BY MAXWELL STRUTHERS BURT

From Scribner's Magazine

Every afternoon at four o'clock, except when the weather was very bad—autumn, winter, and spring—old Mr. Henry McCain drove up to the small, discreet, polished front door, in the small, discreet, fashionable street in which lived fairly old Mrs. Thomas Denby; got out, went up the white marble steps, rang the bell, and was admitted into the narrow but charming hall—dim turquoise-blue velvet panelled into the walls, an etching or two: Whistler, Brangwyn—by a trim parlour-maid. Ten generations, at least, of trim parlour-maids had opened the door for Mr. McCain. They had seen the sparkling victoria change, not too quickly, to a plum-coloured limousine; they had seen Mr. McCain become perhaps a trifle thinner, the colour in his cheeks become a trifle more confined and fixed, his white hair grow somewhat sparser, but beyond that they had seen very little indeed, although, when they had left Mr. McCain in the drawing-room with the announcement that Mrs. Denby would be down immediately, and were once again seeking the back of the house, no doubt their eyebrows, blonde, brunette, or red, apexed to a questioning angle.

In the manner of youth the parlour-maids had come, worked, fallen in love and departed, but Mr. McCain, in the manner of increasing age, had if anything grown more faithful and exact to the moment.
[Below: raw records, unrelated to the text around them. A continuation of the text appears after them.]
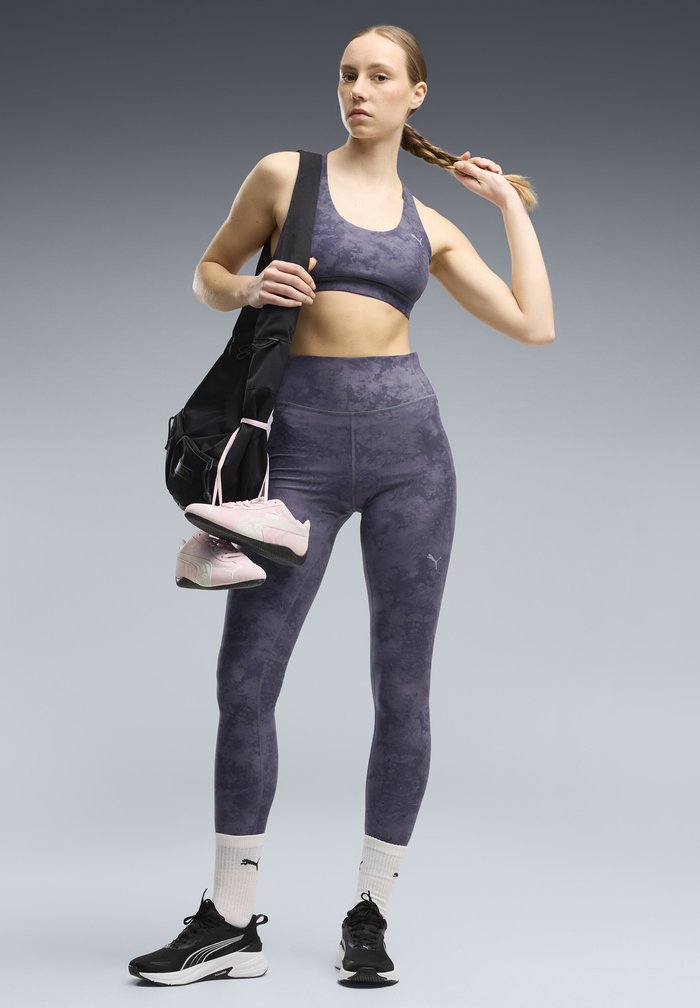 PUMA W CLOUDSPUN TIGHT HW FL - AOP - Leggings - inky depths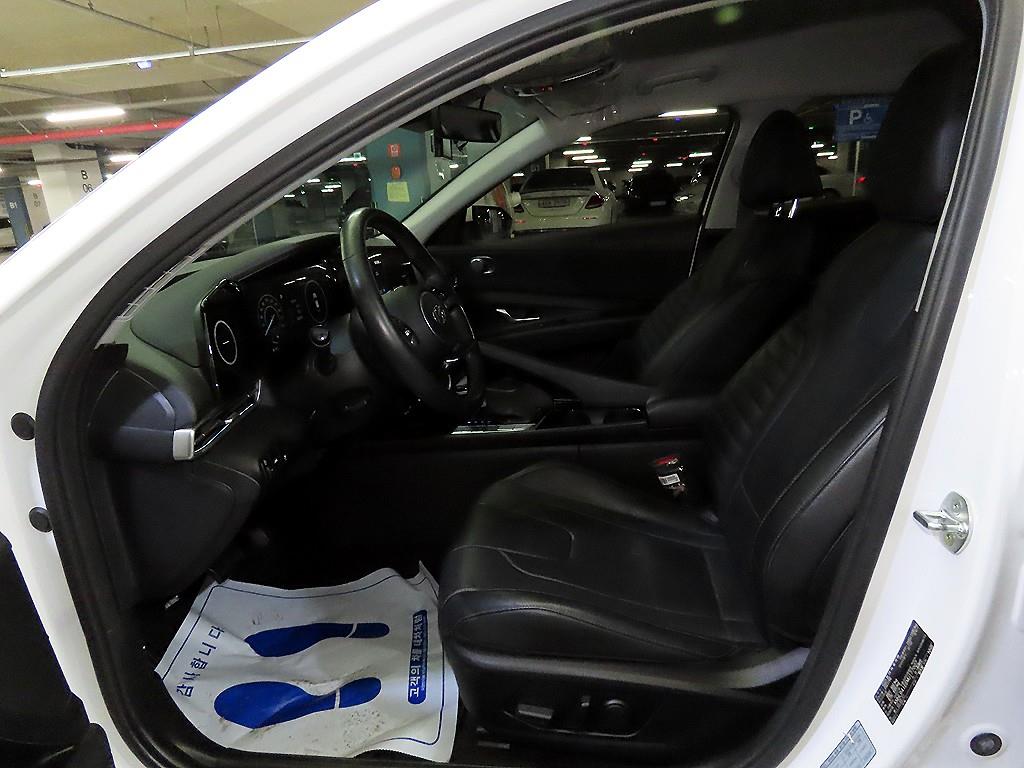 HYUNDAI Avante - Vista 6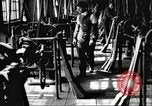 Standbild Gun herstellen United States USA, 1918, aus Sekunde 3 historischem Filmmaterial Videoclip 65675063738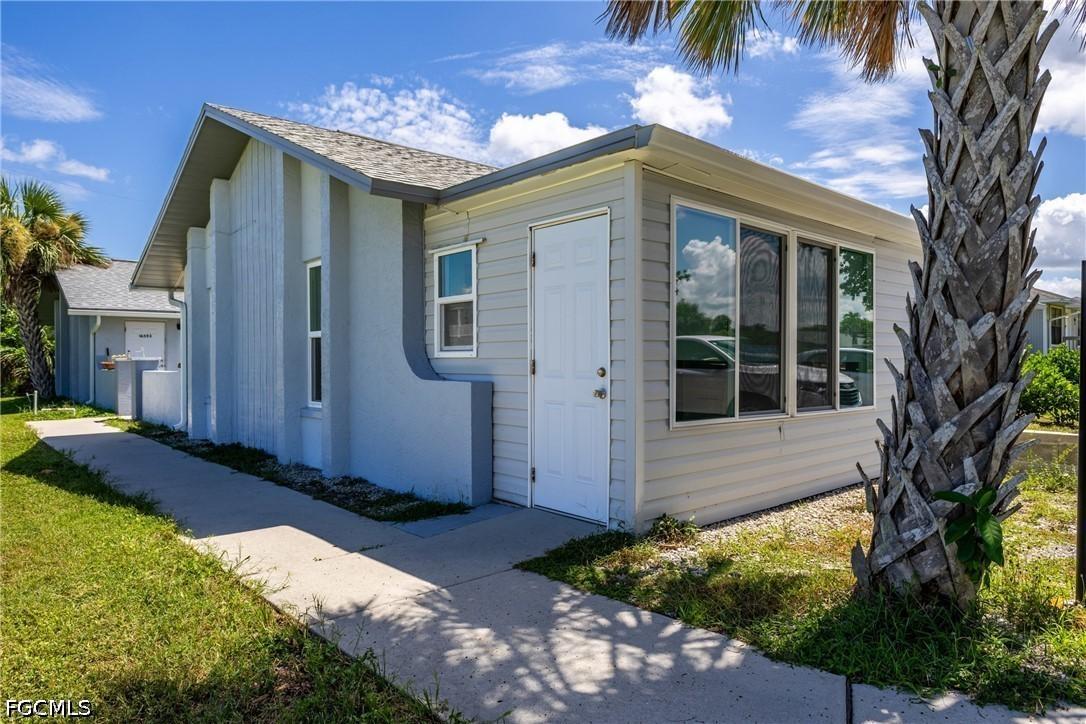 16593 Davis Rd., Fort Myers, FL 33908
If he were late the fraction of five minutes, one suspected that he regretted it, that it came near to spoiling his entire afternoon. He was not articulate, but occasionally he expressed an idea and the most common was that he "liked his things as he liked them"; his eggs, in other words, boiled just so long, no more—after sixty years of inner debate on the subject he had apparently arrived at the conclusion that boiled eggs were the only kind of eggs permissible—his life punctual and serene. The smallest manifestation of unexpectedness disturbed him. Obviously that was one reason why, after a youth not altogether constant, he had become so utterly constant where Mrs. Denby was concerned. She had a quality of perenniality, charming and assuring, even to each strand of her delicate brown hair. Grayness should have been creeping upon her, but it was not. It was doubtful if Mr. McCain permitted himself, even secretly, to wonder why. Effects, fastidious and constant, were all he demanded from life.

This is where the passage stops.